This style of political policing – all the way down from Whitehall in London to the police officer doing her or his job – has one objective: To subtly and then not-so-subtly intimidate people. The hope is that it will put average, law-abiding people off activism. No one wants to be of interest – no matter how friendly they are – to the police, and less still want to be watched by the intelligence services of the state. But what this is, in reality, is an attempt on the part of the British state to disempower us – the electorate, the demos of the democracy.
In this broken democracy – which is no democracy at all – seats are won and power secured in a loop; the media manufactures fears and blames powerless, invariably foreign, scapegoats and the careerists bang the drum of security and ethno-nationalism. This is the state of politics in the United Kingdom today. It is much the same across Europe and even more so over the Atlantic in the United States. Democracy in any meaningful sense has died and we are right now in the rapid descent into the abyss of totalitarianism and fascism – both coming a-creeping like saviours.
This comes about through a process known as normalisation, in which the seemingly absurd is made acceptable over a protracted period of time. Wealthy and powerful corporate agendas, either by ownership or by influence, are packaged by the media and sold to an increasingly docile and depoliticised public – steadily changing public opinion. Ultimately this shift in opinion creates a rising political demand not being met by the establishment political parties.

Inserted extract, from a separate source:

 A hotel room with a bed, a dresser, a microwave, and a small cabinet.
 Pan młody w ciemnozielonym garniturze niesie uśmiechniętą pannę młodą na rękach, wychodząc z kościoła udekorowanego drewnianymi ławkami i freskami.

Our problem with such violent political policing is not the violence per se. We are used to violence. Western civilisation was built on violence, and is perhaps the greatest purveyor and consumer of warfare and state sponsored violence in the history of the human race. Rather, our problem with this sacrilege is that it shatters our illusions pertaining to the nature and power of democracy. It reminds us that democracy is a pacifier; a ritual that sedates people with the tranquiliser of the mere impression of control while the state qua the ruling establishment is free to get on with the business of power.
In this reality the author self-censors and conforms freely for fear of being seen and scrutinised by the now realised Big Brother state and state-dominated society. This is a democracy that behaves itself by conforming to the will of the state – to the will of power – en masse as a result of accepting as true the “promises of later success” and with vague hopes of the benefits and vague fears of the powers of the masters.
This is only the tip of the iceberg, and left unchecked it is difficult to see how our economic Frankenstein will not eventually turn on and destroy the democracies which have heretofore kept it in line.